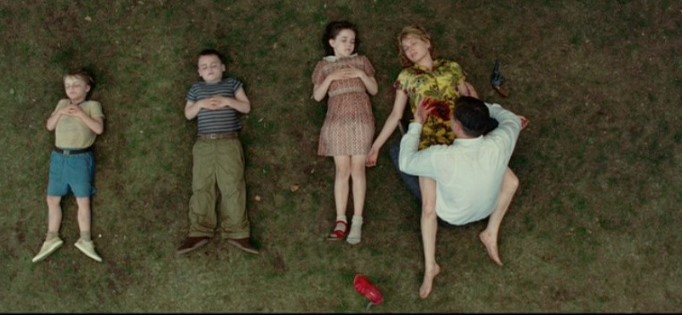 셔터 아일랜드 스틸컷 - 잔디 위에 익사한 세 아이와 아내 돌로레스가 누워 있는 앤드루의 환각 속 비극 장면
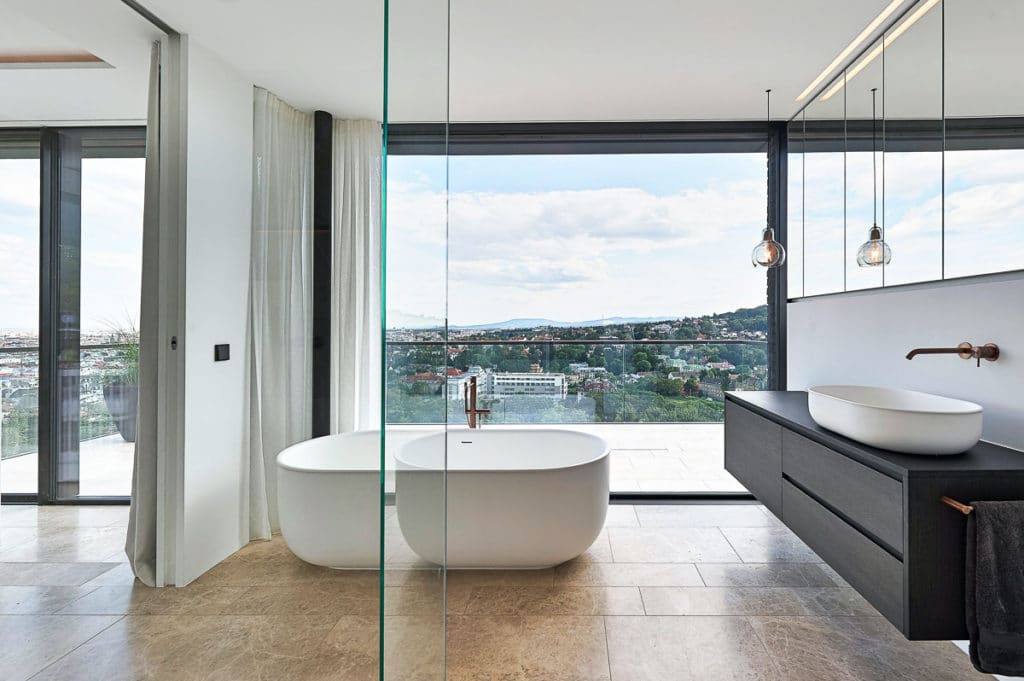 Luxus-Badezimmer mit Steinboden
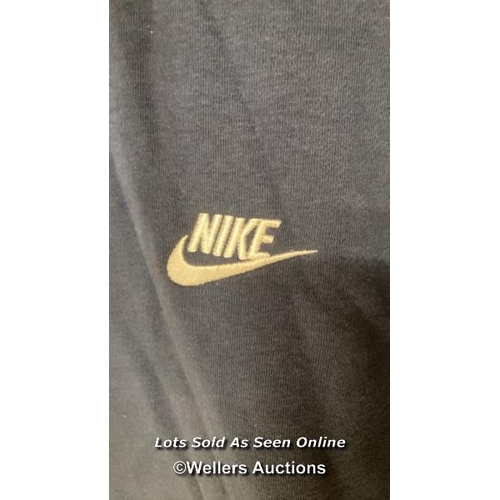 2258 - GENTS NEW NIKE SPORTSWEAR FULL ZIP HOODY / X-LARGE / D15 [85538]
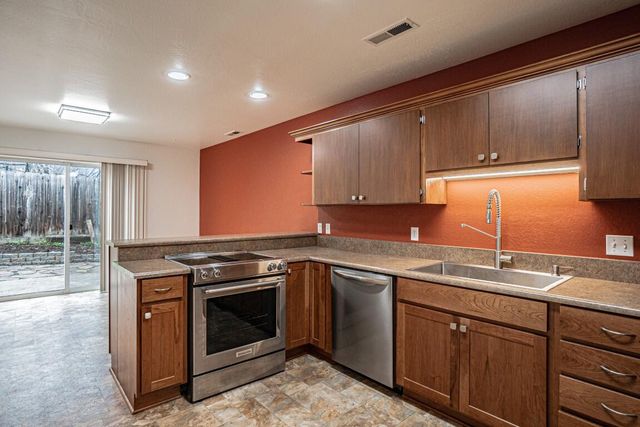 115 Oak Meadows Place, Ashland, OR 97520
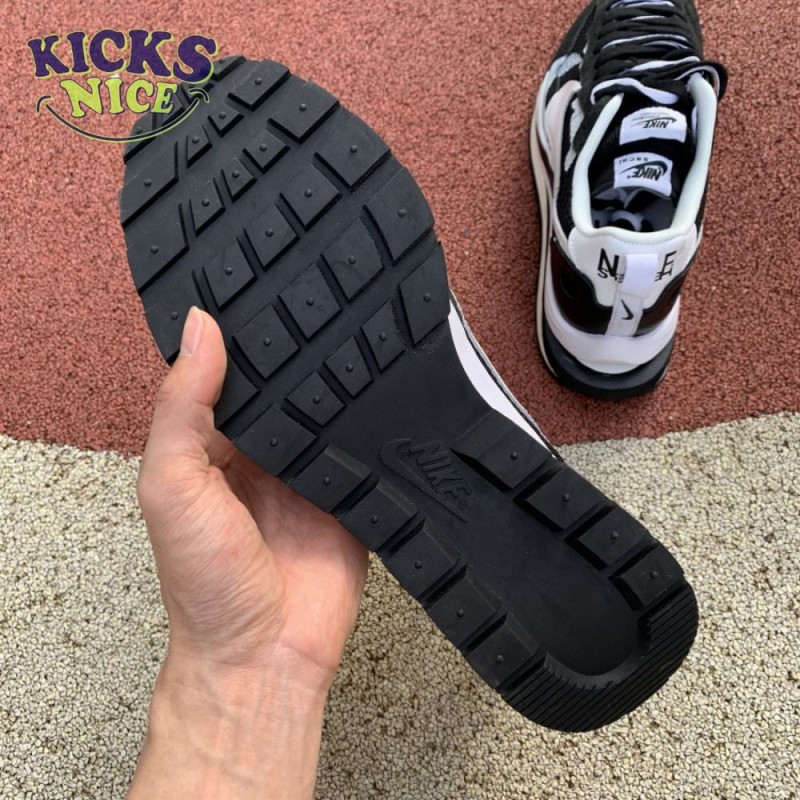 Sacai x VaporWaffle 'Black White' Size 36-47.5 Sacai x VaporWaffle 'Black White' Size 36-47.5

- EXERCISE PROMPT
Leave the pictures behind and repeat each entry exactly.

- RESPONSE AREA
 셔터 아일랜드 스틸컷 - 잔디 위에 익사한 세 아이와 아내 돌로레스가 누워 있는 앤드루의 환각 속 비극 장면
 Luxus-Badezimmer mit Steinboden
 2258 - GENTS NEW NIKE SPORTSWEAR FULL ZIP HOODY / X-LARGE / D15 [85538]
 115 Oak Meadows Place, Ashland, OR 97520
 Sacai x VaporWaffle 'Black White' Size 36-47.5 Sacai x VaporWaffle 'Black White' Size 36-47.5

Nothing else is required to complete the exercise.